■ What you have to do
Would you transcribe the entries below, beginning at the line with "多云天，有河流的城市中人口密集的建筑物鸟瞰图" and ending after the line with "Full back catalog", exactly, with no picture and nothing more?

■ Supplied information
======
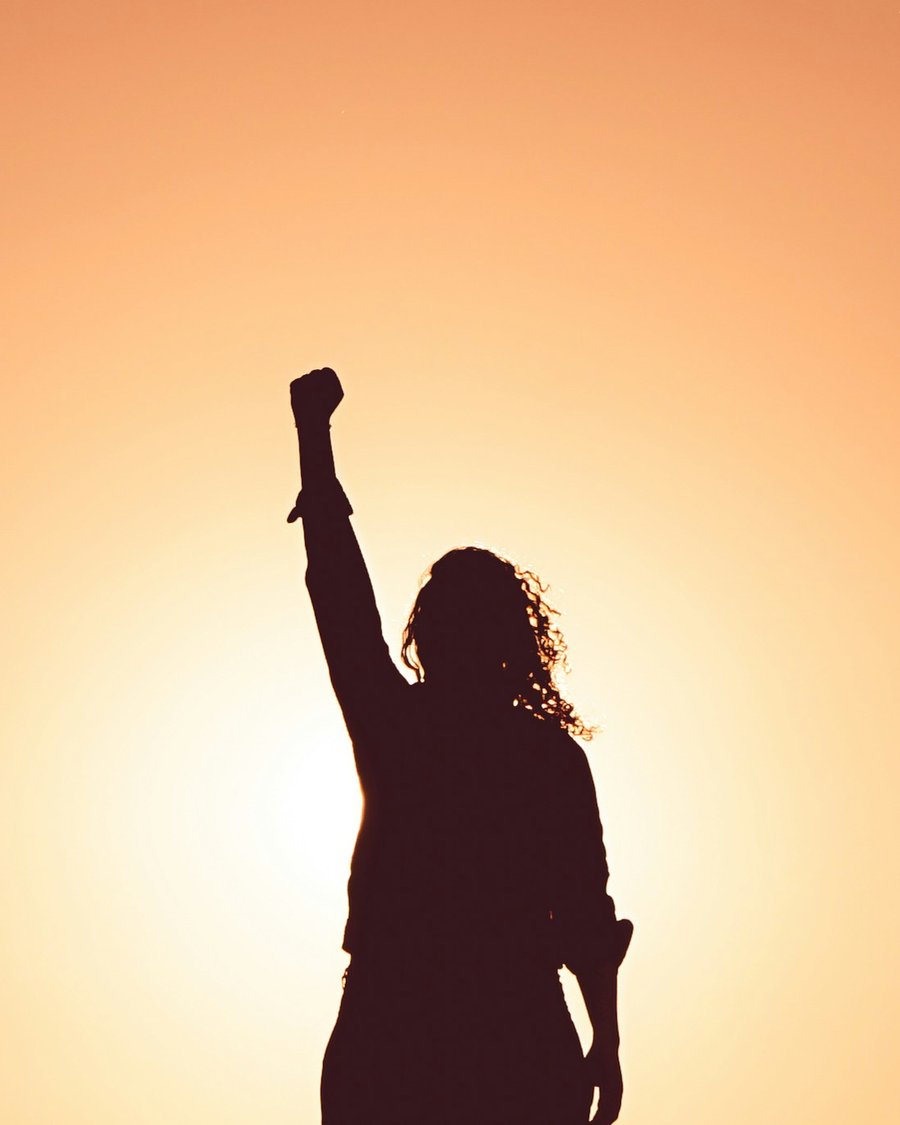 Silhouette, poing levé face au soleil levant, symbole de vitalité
======
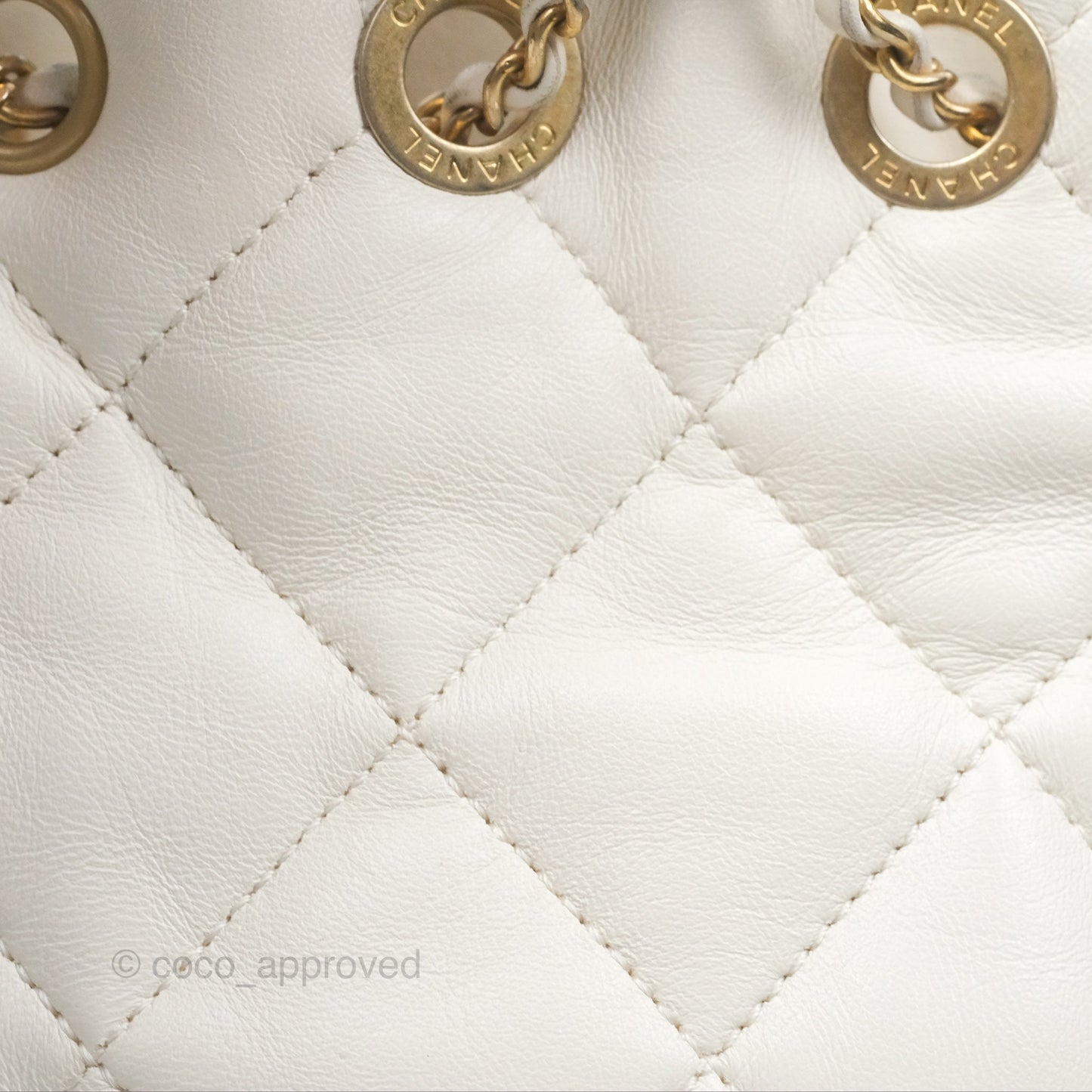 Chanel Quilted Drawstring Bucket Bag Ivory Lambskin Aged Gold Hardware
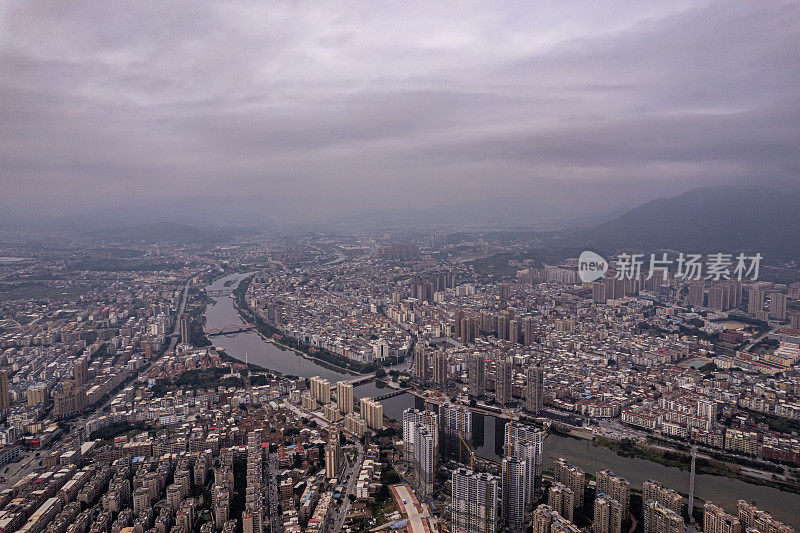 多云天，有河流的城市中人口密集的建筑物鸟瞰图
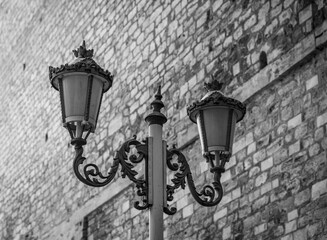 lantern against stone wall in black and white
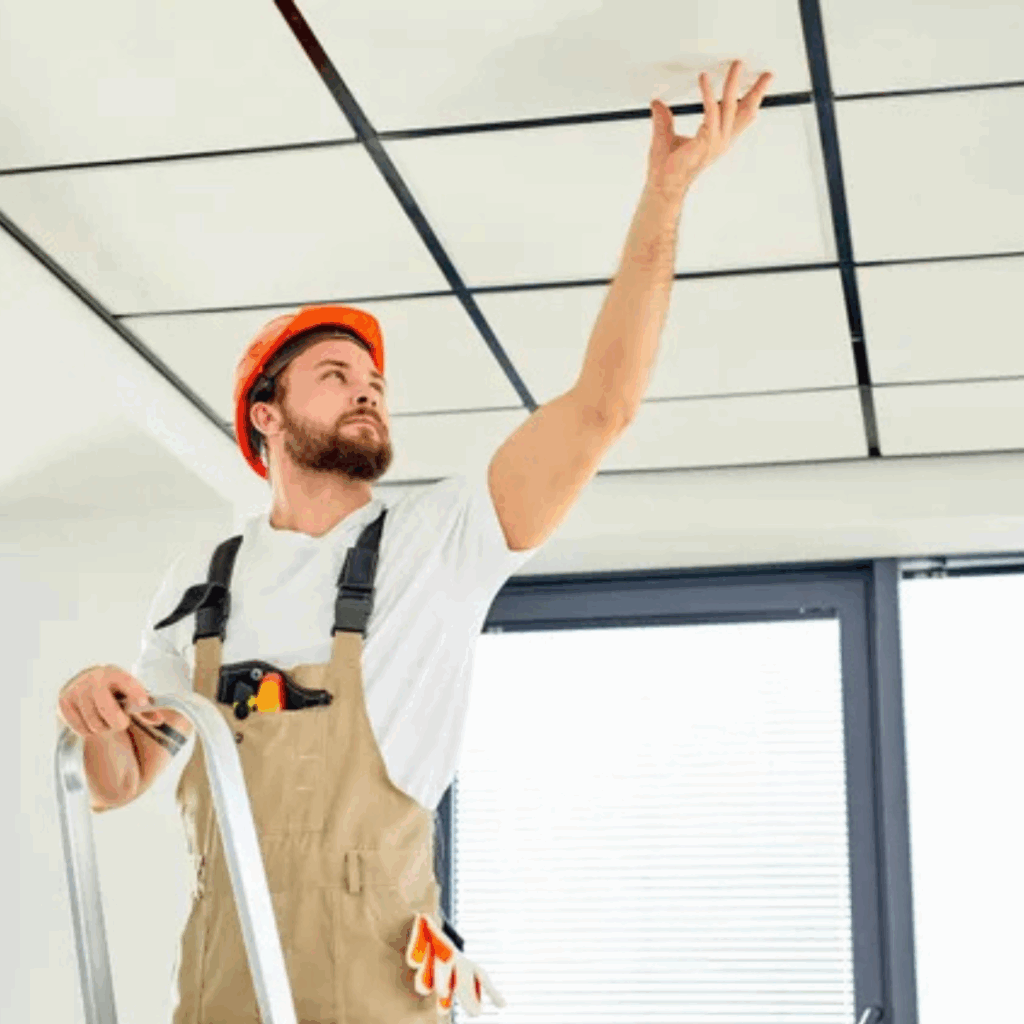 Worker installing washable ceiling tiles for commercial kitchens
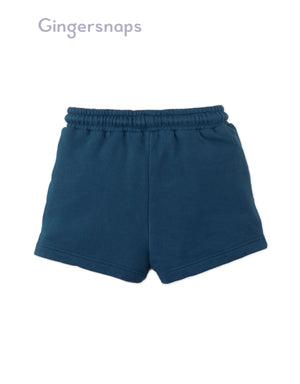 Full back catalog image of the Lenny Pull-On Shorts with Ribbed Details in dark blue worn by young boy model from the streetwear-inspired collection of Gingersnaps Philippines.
======
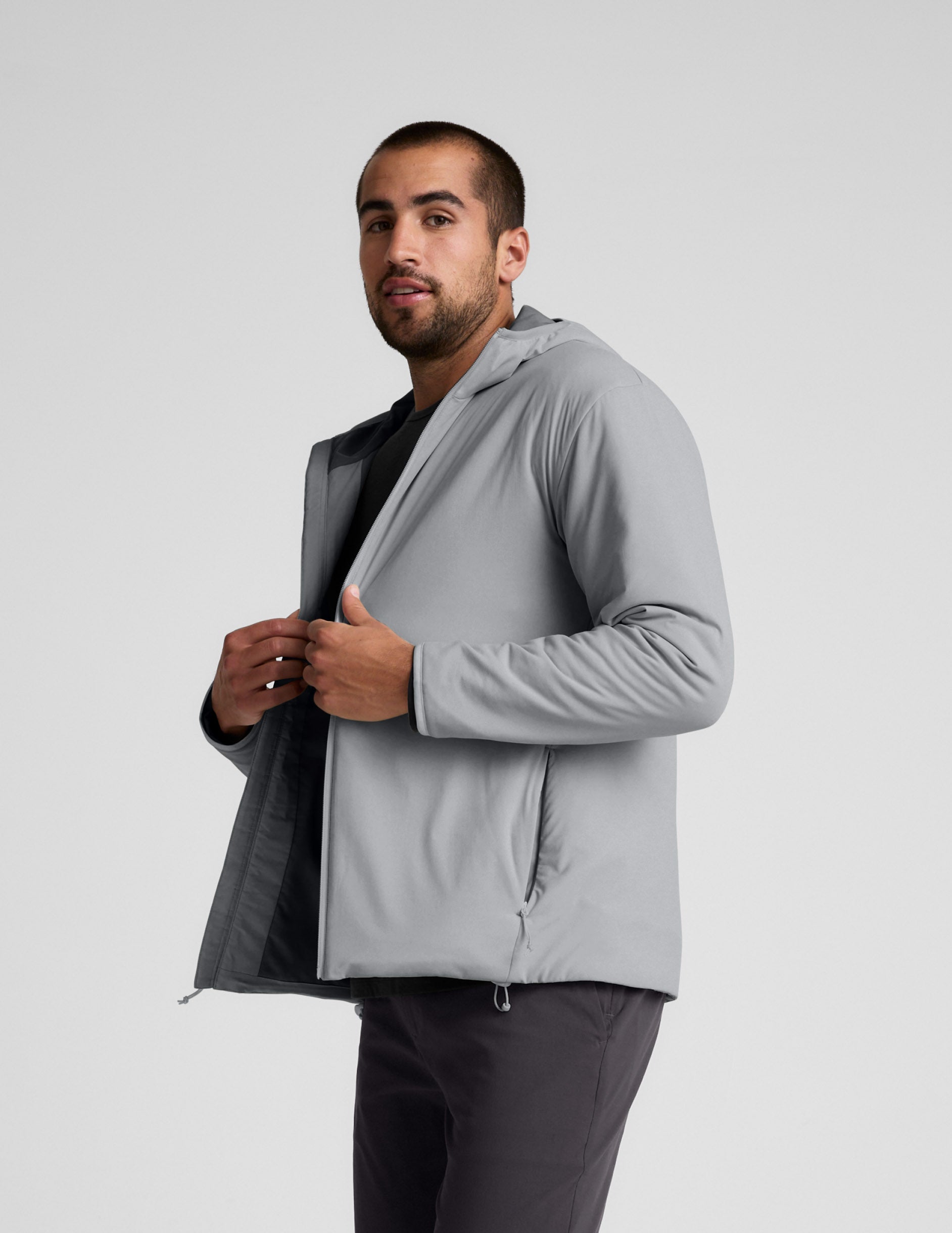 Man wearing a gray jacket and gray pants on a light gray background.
======
■ Your response
 多云天，有河流的城市中人口密集的建筑物鸟瞰图
 lantern against stone wall in black and white
 Worker installing washable ceiling tiles for commercial kitchens
 Full back catalog image of the Lenny Pull-On Shorts with Ribbed Details in dark blue worn by young boy model from the streetwear-inspired collection of Gingersnaps Philippines.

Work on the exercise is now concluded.